Proving Existence of Sequence Converging to x in R

[autre]

I asked this question before but I totally misunderstood what it was asking. Basically, I need to find that there exists a sequence {a_k} such that it converges to x for some x in R.

Since the real numbers are equivalence classes of convergent Cauchy sequences the result seems fairly obvious, but I was thinking of instead of dealing with equivalence classes I could use the definition of the limit of a sequence and have x be the limit of {a_k}.

I'm having some trouble starting up, though.
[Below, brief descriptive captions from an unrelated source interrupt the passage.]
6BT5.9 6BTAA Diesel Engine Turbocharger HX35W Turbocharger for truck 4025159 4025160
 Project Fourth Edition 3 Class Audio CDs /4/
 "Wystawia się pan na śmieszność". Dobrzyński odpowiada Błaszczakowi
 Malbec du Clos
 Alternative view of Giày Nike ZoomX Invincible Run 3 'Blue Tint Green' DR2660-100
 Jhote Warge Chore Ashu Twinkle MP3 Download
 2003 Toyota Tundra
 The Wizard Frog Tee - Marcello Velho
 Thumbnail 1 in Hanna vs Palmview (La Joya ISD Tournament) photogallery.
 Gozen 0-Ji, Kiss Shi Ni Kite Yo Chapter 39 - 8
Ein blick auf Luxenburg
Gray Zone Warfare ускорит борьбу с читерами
Do I have to find a sequence that must converge to some arbitrary x to prove its existence?

Thanks!

 

[micromass]

Take the constant sequence $a_k=x$. Surely, the sequence

$$x,~x,~x~,...$$

converges to x...

 

[autre]

Sorry, forgot to mention that the sequence is in Q.

 

[micromass]

Sorry, forgot to mention that the sequence is in Q.

Well, what can you go from?? Can you use that Q is dense in R?? Or must you use the definition of R?

 

[autre]

does the fact that Q is dense in R tell me that if I take any member of {s_n} it can exist in an interval of, say, (x-1/n,x+1/n) ?

 

[micromass]

does the fact that Q is dense in R tell me that if I take any member of {s_n} it can exist in an interval of, say, (x-1/n,x+1/n) ?

Q being dense says that for each x in R, there exists a rational in (x-1/n,x+1/n). You can use this to construct a rational sequence.

 

[SteveL27]

Sorry, forgot to mention that the sequence is in Q.

Can you just take successive truncations of x's decimal expansion? For example

3, 3.1, 3.14, 3.141, 3.1415, ... is a sequence of rationals converging to pi.